Work required:
Give the data again exactly as written, skipping any pictures.

Collected data:
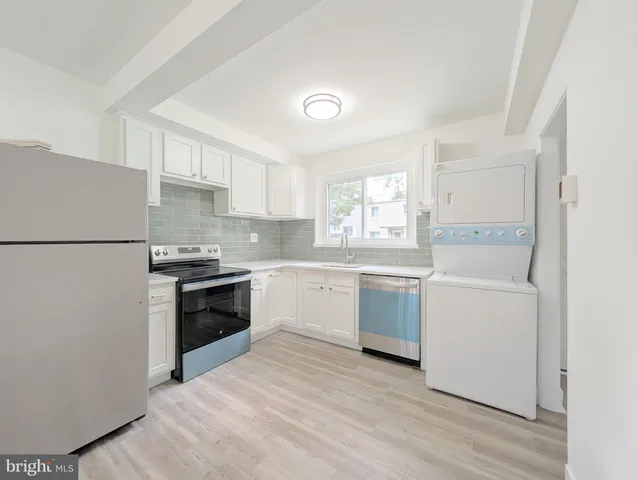 a kitchen with a refrigerator stove and sink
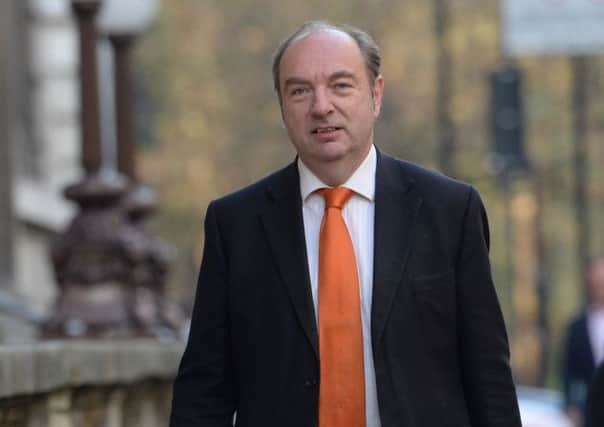 Former Home Office Minister Norman Baker arrives at Liberal Democrat offices in Westminster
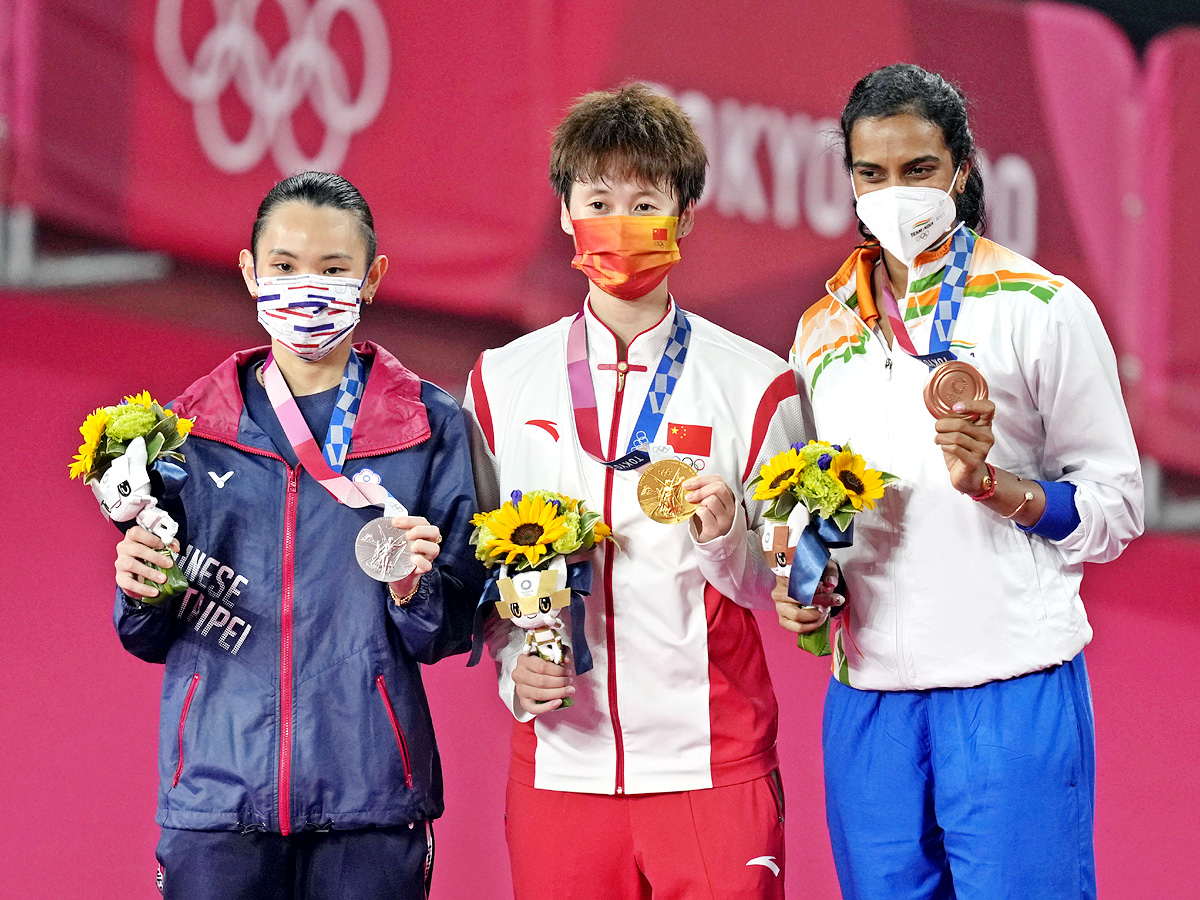 PV Sindhu Beats He Bing Jiao To Win Historic Bronze At Tokyo Olympics Photo Gallery - Sakshi1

Exercise response:
 a kitchen with a refrigerator stove and sink
 Former Home Office Minister Norman Baker arrives at Liberal Democrat offices in Westminster
 PV Sindhu Beats He Bing Jiao To Win Historic Bronze At Tokyo Olympics Photo Gallery - Sakshi1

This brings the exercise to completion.